Any discussion of documents, acts, materials, devices, articles or the like which has been included in the present specification is not to be taken as an admission that any or all of these matters were common general knowledge in the field relevant to the present disclosure as it existed before the priority date of each of the appended claims.

SUMMARY

Throughout this specification the word “comprise”, or variations such as “comprises” or “comprising”, will be understood to imply the inclusion of a stated element, integer or step, or group of elements, integers or steps, but not the exclusion of any other element, integer or step, or group of elements, integers or steps.

According to one aspect of the disclosure, there is provided a work mat for supporting laboratory vessels. The work mat includes a flexible planar panel having opposed sides, one side defining a base, and the other side defining a vessel support portion. Each of the base and the vessel support portion are configured to allow releasably adhering the panel to another object. The base is configured to adhere to another object more firmly than the vessel support portion such that, in use, the base is adherable to a surface and the support portion is adherable and removable from a laboratory vessel without detaching the base from the surface.

The base may define a continuous planar surface, and the vessel support portion defines a discontinuous planar surface. It will be appreciated that the continuous planar surface may be substantially continuous, such as defining scores to allow flexing the panel. The discontinuous planar surface may be defined by a plurality of lands separated by grooves. The lands may form elongate strips which are arranged to be parallel to each other.

The discontinuous planar surface may define a surface area of less than or equal to 75% of the continuous planar surface. In some embodiments, the discontinuous planar surface may define a surface area of less than or equal to 50% of the continuous planar surface.

The panel may be formed from a resiliently deformable polymer. The panel may be formed from a polyurethane elastomer.

The panel may comprise a first layer formed from a first material and defining the base, and a second layer formed from a second material and defining the vessel support portion, and the first material be configured to be different to the second material to cause firmer adhesion to another object.

Each of the base and the vessel support portion may be configured to be tacky.

The work mat as described in any of the above paragraphs may be configured as a module and form part of a work mat system comprising a plurality of the modules, such that the modules are securable adjacent to each other on a surface to cover at least a portion of the surface. Each of the modules may be identical.

It will be appreciated embodiments may comprise steps, features and/or integers disclosed herein or indicated in the specification of this application individually or collectively, and any and all combinations of two or more of said steps or features.

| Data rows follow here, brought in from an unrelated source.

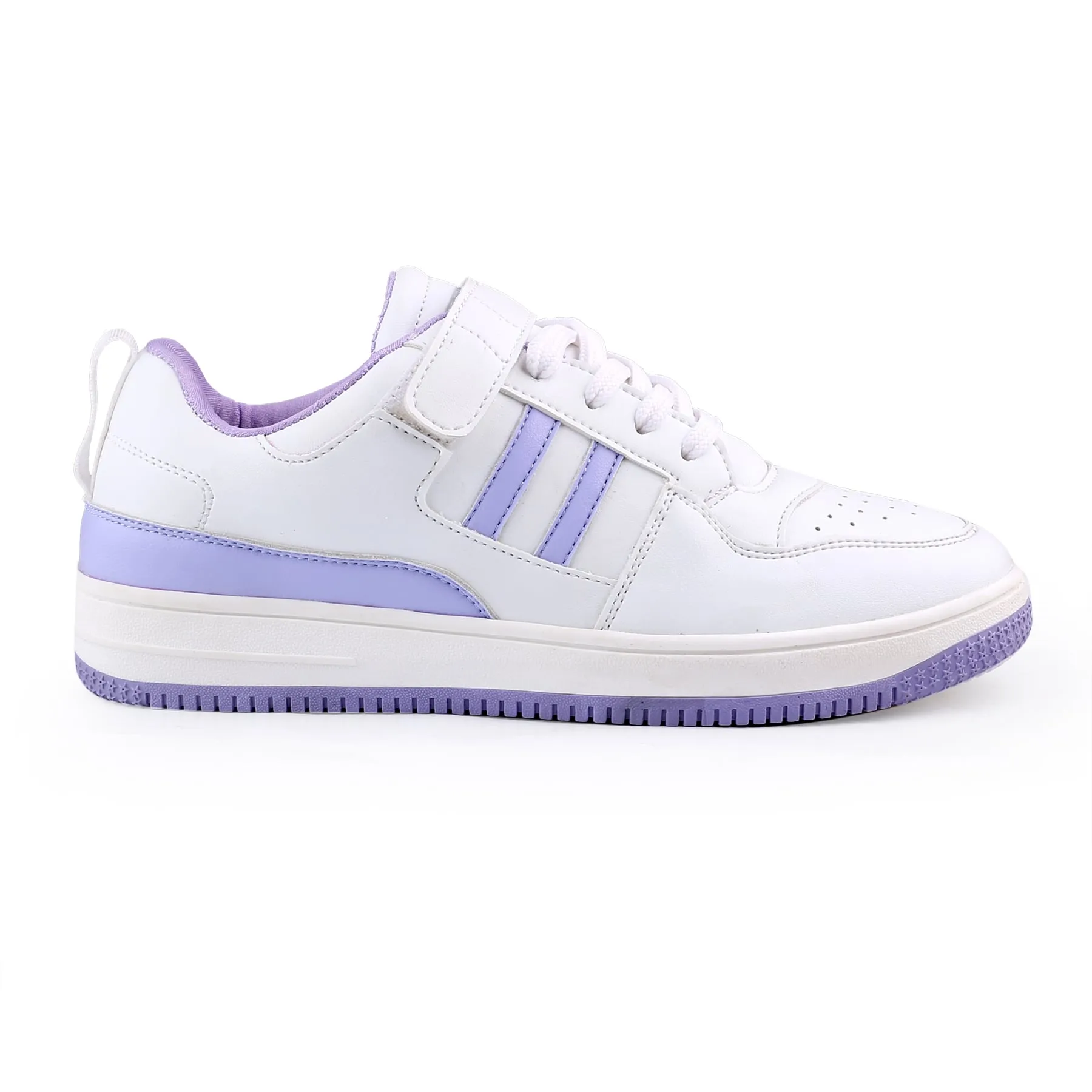 Bacca Bucci PHOENIX Basket Femme à Lacets Auto-Agriffants Basse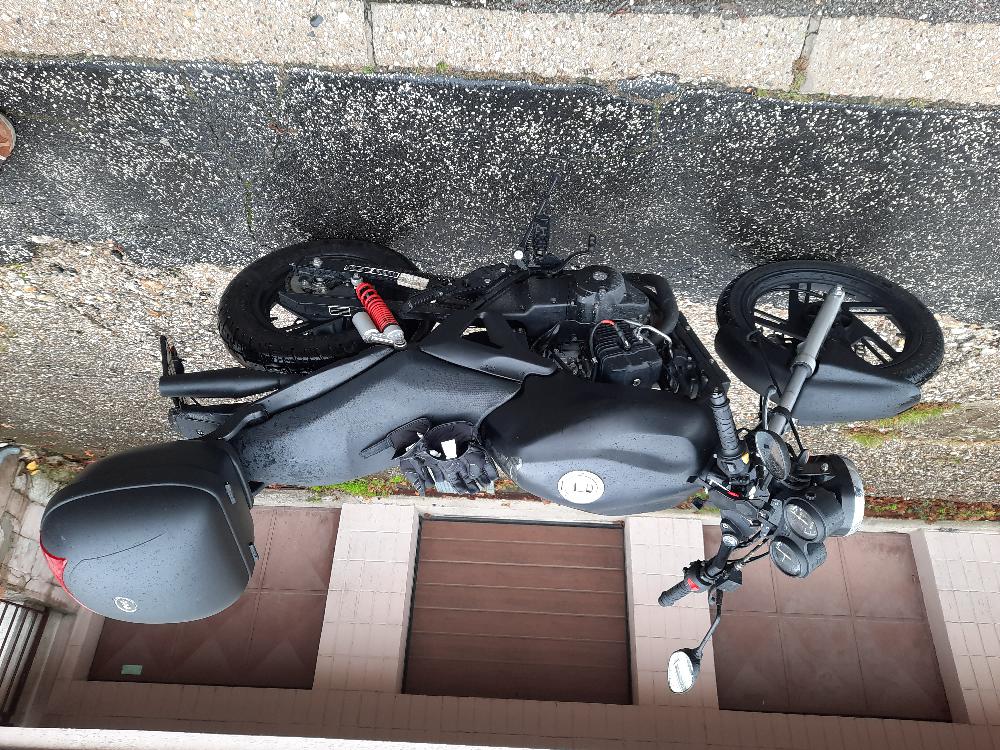 Motorrad verkaufen Andere Nac 115 Ankauf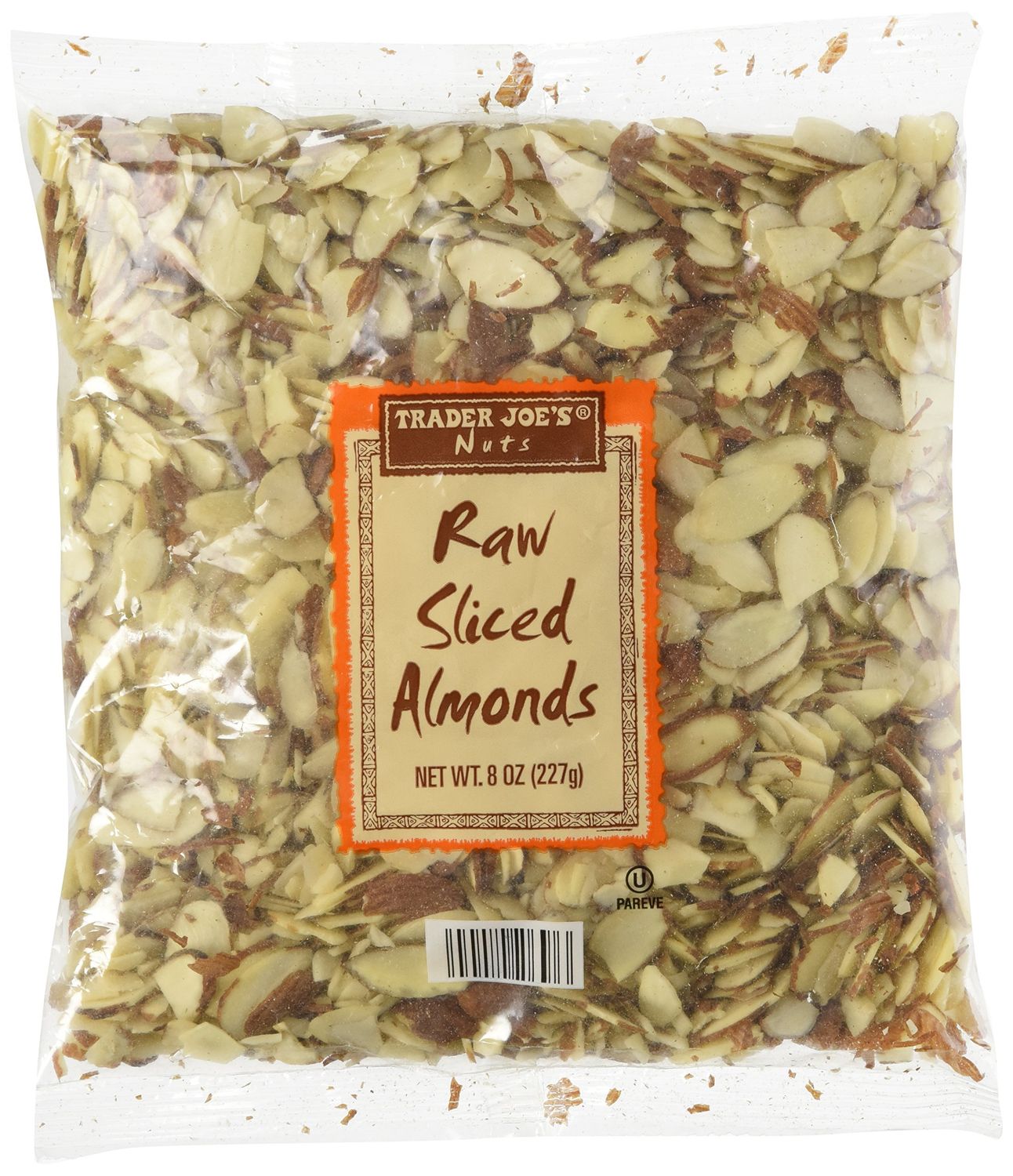 Trader Joe&#39;s Raw Sliced Almonds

BRIEF DESCRIPTION OF DRAWINGS

Embodiments will now be described by way of example only with reference to the accompany drawings in which:

FIG. 1 is a top perspective view of a first embodiment of a work mat for supporting laboratory vessels;

FIG. 2 is a bottom perspective view of the embodiment shown in FIG. 1;

FIGS. 3 and 4 are a side view, and side-detail view, respectively, of the embodiment shown in the previous figures;

FIG. 5 is a top perspective view of a second embodiment of a work mat for supporting laboratory vessels;

FIG. 6 is a plan view of a system comprising a plurality of the work mats shown in FIG. 5; and

FIG. 7 is a side view of a vessel being carried by the embodiment shown in FIGS. 1 to 4.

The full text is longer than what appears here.